И я знаю, что так, как я люблю тебя, я не только никого никогда не любил, но и больше ничего любить не мог и не в состоянии, что работа, и природа, и музыка настолько оказались тобою и тобой оправдались в своем происхождении, что – непостижимо: что бы я мог полюбить еще такого, что снова не пришло бы от тебя и не было бы тобою. Что ты такое счастье, такое подтвержденье давно забытой моей, моей особенной способности любить, такая разгадка всего моего склада и его предшествующих испытаний, такая сестра моему дарованью, что именно чудесность этого счастья, именно ты, невероятная, бесподобная, боготворимая (сколько лет прошло, и ты все-таки оказалась на свете! и я увидел тебя и пишу тебе и буду жить этим немыслимо золотою этой жизнью с тобою и умру с твоим именем на губах!) – именно ты своей единственностью даешь мне впервые чувство единственности и моего существованья, и это я знаю еще проще и тверже первого.

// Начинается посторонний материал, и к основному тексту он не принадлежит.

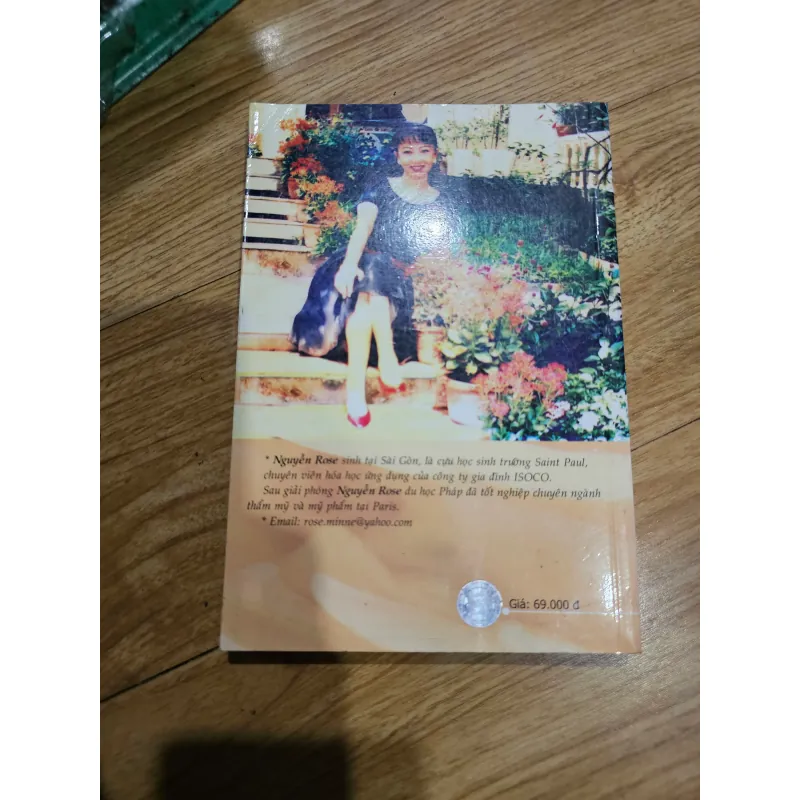 Gởi người không quen (có chữ ký tác giả)
 763767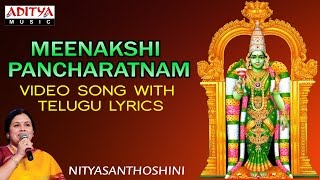 Meenakshi Pancharatnam - Devi Bhakthi Geethalu | Nitya Santhoshini | Telugu Bhakthi Songs.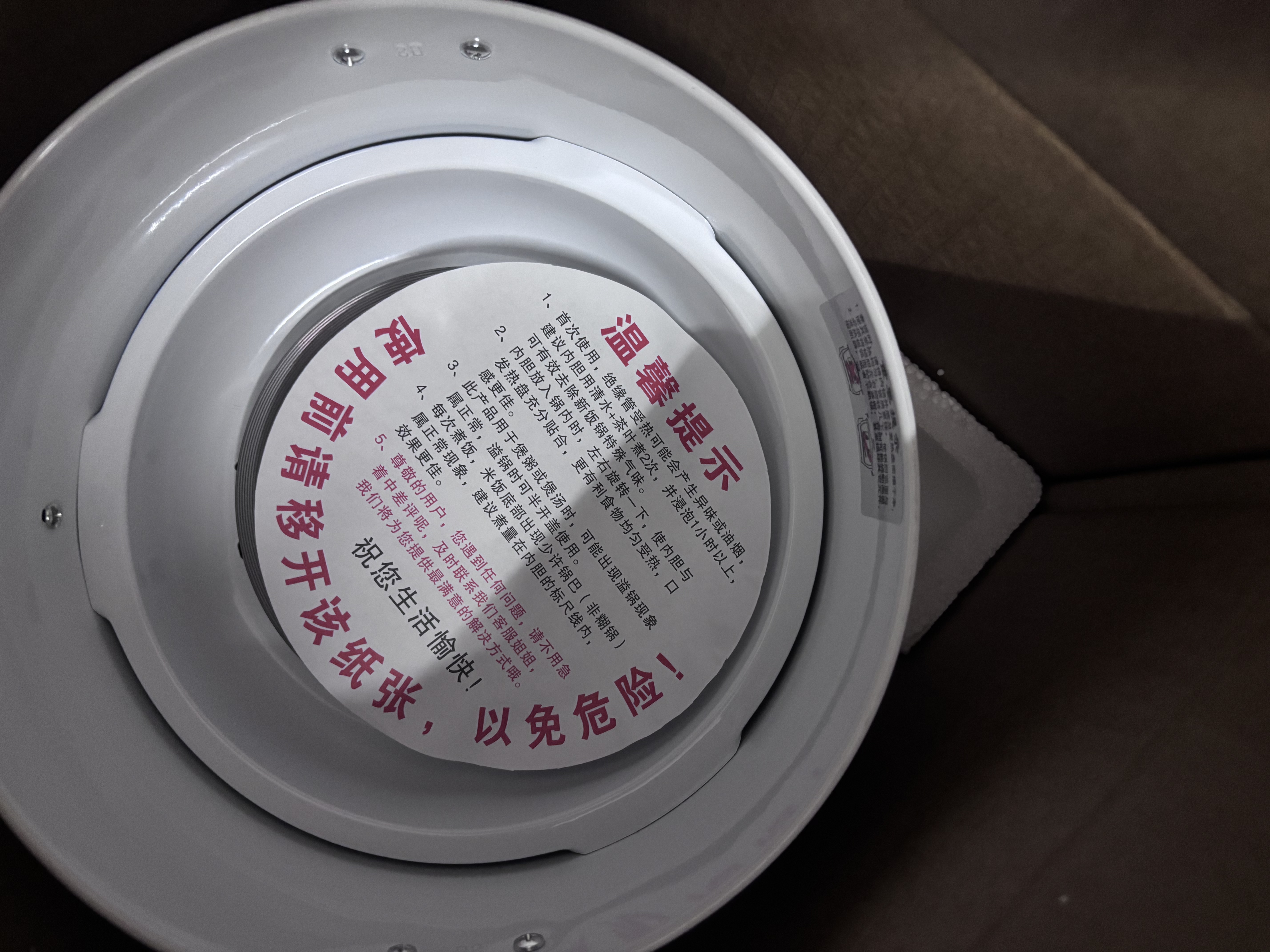 三角牌（Triangle）电饭锅家用 老式多功能便携宿舍用小容量不粘内胆电饭煲3-4人 4升加厚鼓型锅(适合3-4人) 4L 实拍图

Но когда приходят твои письма (зелеными чернилами, например, с приложением Яшвилевского), твоя бездонная непосредственность и сердечность превышают мои ожиданья. Ты настолько оказываешься совершеннее того большого, что я думаю о тебе, что мне становится печально и страшно. Я начинаю думать, что счастье, которое кружит и подымает меня, предельно для меня, но для тебя еще не окончательно полно. Что я не охватываю тебя, что как ни смертельно хороша ты в моем обожании, в действительности ты еще лучше. Что этот избыток остается за краем, где тебе печально, потому что твое превосходство надо мною заброшено в одиночестве, куда мне никогда не достигнуть и не забросить моей радости, моей человеческой и художнической службе тебе. Что того счастья, какое даешь и будешь давать ты мне, мне тебе не дать! Ну, а вдруг я еще вырасту в погоне за этим твоим последним.